La storia dei cani non c'entra nulla con l'inchiesta perugina ma merita di essere raccontata e approfondita perché a detta dei protagonisti ci sono aspetti ancora non chiari. La giudice infatti ha deciso di vendere tra gennaio e marzo quei cuccioli di razza considerandoli "beni deperibili".
Ora la storia si va complicando. Prima è emerso che la seconda delle due vendite all'incanto sarebbe avvenuta in uno dei capannoni sequestrati a Fabrizio Coscione ad Aprilia, nell'ambito dell'inchiesta che ha portato l'imprenditore ai domiciliari e che poi è finita al centro delle indagini della Procura della Repubblica di Perugia sfociata nell'arresto proprio della gip Castriota.
NUOVI PARTICOLARI
Emergono però novità sconcertanti.
Nel frattempo il suo avvocato ha presentato un ricorso al Riesame contro il sequestro, ma i giudici lo hanno confermato. A quel punto è scattato il ricorso in Cassazione. L'udienza è fissata per il 5 giugno, quando i giudici dovranno decidere sulla legittimità del sequestro. Solo che adesso la donna e il suo legale hanno appreso della vendita già avvenuta e meditano di presentare una istanza in Procura e una all'ufficio gip per avere contezza di questa vicenda.
L'indagata e il suo avvocato non hanno dunque saputo né le date in cui si sarebbe proceduto alla vendita all'incanto, né tantomeno le modalità.
TANTO DA CAPIRE
Sono tante le cose ancora da accertare.
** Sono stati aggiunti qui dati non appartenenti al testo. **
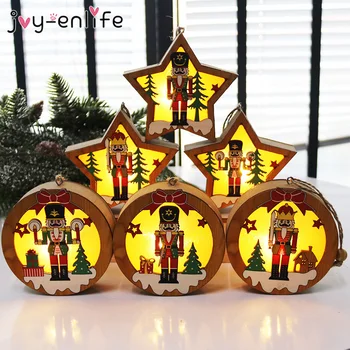 

Led Light Christmas DIY Wooden Tree Decoration Nutcracker Soldier Hanging Pendant Merry Christmas Decor for Home 2020 Natal Noel
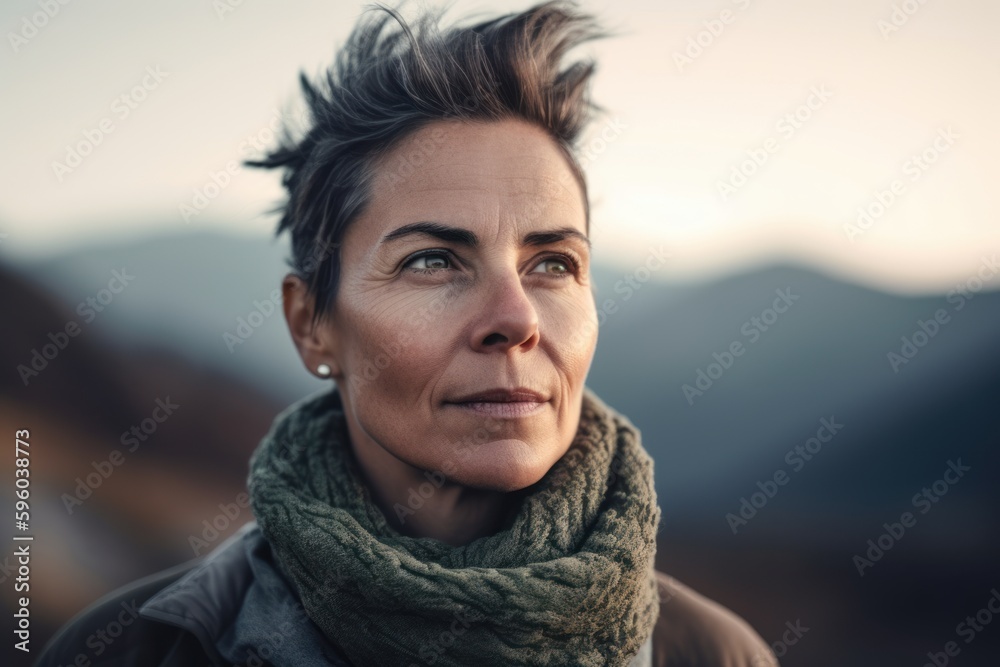 Portrait of a beautiful middle-aged woman on the background of mountains Portrait of a beautiful middle-aged woman on the background of mountains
Intanto quanti cani sono stati venuti di quei 109 cuccioli e dove sono finiti quelli non venduti visto che non sono stati riconsegnati all'indagata che è a tutt'oggi ancora formalmente custode del bene sequestrato. Sono forse ancora nel capannone sequestrato a Coscione dove si sarebbe proceduto alla seconda tranche della vendita? Nessuno sembra saperlo.
Poi c'è la questione dei soldi. Risulta che sia stato aperto un conto presso poste italiane intestato al Tribunale di Latina dove sarebbero confluiti quei soldi. Ma nessuno sembra sapere né quanti soldi sono sul conto, né se il conto esista davvero. Poi c'è il prezzo fissato. Risulta che siano stati venduti a cento euro l'uno perché pur essendo tutti cani di razza, soprattutto Cavalier King e Buldog Francesi, erano sprovvisti di pedigree. Ma la donna sostiene che non è vero e che i cani sequestrati avevano tutti la corretta documentazione, i certificati e i pedigree. Anche questo sarà un aspetto da chiarire. In attesa che la Cassazione decida sul ricorso contro il sequestro e soprattutto sulla richiesta di restituzione del bene. Nel frattempo il gip di Perugia non ha ancora sciolto la riserva sulla richiesta di concessione dei domiciliari avanzata dai difensori della Castriota.